He’s also doing a project with students called What Is Vital. It includes giving students disposable cameras and having them shoot whatever’s vital to them.
the #whatisvital project is growing and you can be a part of it 💞💫 check out the full video on my facebook 🌈
📹: @Benzuckerphotos https://t.co/XUO9C1xKq7 pic.twitter.com/B8AcGEDK2y
— m o r g × n (@morgxn) June 8, 2018
‘I’m a messy queer’
‘As beautiful as it is to see a version of queer displayed in the mainstream, it’s important to show there’s many shades to what that looks like,’ he says as we get on the topic of out artists and movies dominating the waves right now.
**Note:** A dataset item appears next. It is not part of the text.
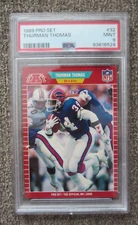 1989 Pro Set Thurman Thomas RC Buffalo Bills #32 PSA 9 Fresh Clean Slab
This is Morgxn’s shade of queer:
i am a messy queer. you won’t get perfect with me
— m o r g × n ✨ (@morgxn) May 30, 2018
‘I am not just valuable to queer spaces, I belong in mainstream, straight spaces too. Because you will find the young me in those straight spaces.’
He thinks it’s about time there are more queer artists.
Alternative music festival Firefly begins tomorrow and Morgxn will be there. When he got a message from a fan saying how exciting it was that an out artist was going to be performing there, he did his research and discovered how limiting these spaces can be to artists who aren’t straight, white males.
On the topic of representation, he says: ‘Love, Simon is great. It’s great there’s a queer movie about falling in love, but that’s only one shade of our stories.’
Still being scared
‘There’s still a fear of being seen, especially when you spent so much of your life trying not to be seen,’ Morgxn admits.
He doesn’t shy away in his music, but he’s still afraid he’ll put out a song — and they are all personal and real — and it will ruin him.
‘I don’t feel as afraid as I did when I started, because I’ve identified there’s a fear inside but a choice to stand up anyway. By connecting with people, I have realized that I, too, am not alone.’
It’s a journey within himself.
Coming out was only the first step. ‘Love comes from within, it starts with yourself. Does coming out solve everything? It doesn’t.’
Still, he doesn’t think of himself as brave. For him, it’s about learning when you think of your weaknesses, asking yourself: Who is the one ascribing weakness to this trait?
‘I remember struggling with this,’ he admits, before diving into experiences he’s had with people both good and bad.
He participated in New York City’s Women’s March for its first year with his family. While walking down the street carriyng their signs, a man suddenly shouted out and called Morgxn a ‘faggot’. He says it was the first time his mom had ever witnessed something like that. ‘I didn’t even notice it at first, which is both sad and telling. Why was I so desensitized to it?’
He calls it a defense mechanism, but he also wishes he could have said something.
Not every experience is like that, though. Another time, a woman approached him in an Alabama grocery story. He thought for sure she was going to sneer at his pink hair.
‘She comes up to me and she says — and I’m ready for it — she says, “I just want to say, it is so wonderful to see you walking around with your pink hair. It’s so beautiful.”‘
Softness and strength
It’s the kindness and softness he keeps with him, and why he does everything in lowercase. It’s not about aesthetic, it’s about embracing softness and strength working together.
When we part, he leaves me with something I’ll never forget: ‘Sometimes the softest voice is the loudest one.’
Morgxn’s debut studio album, vital, is available now.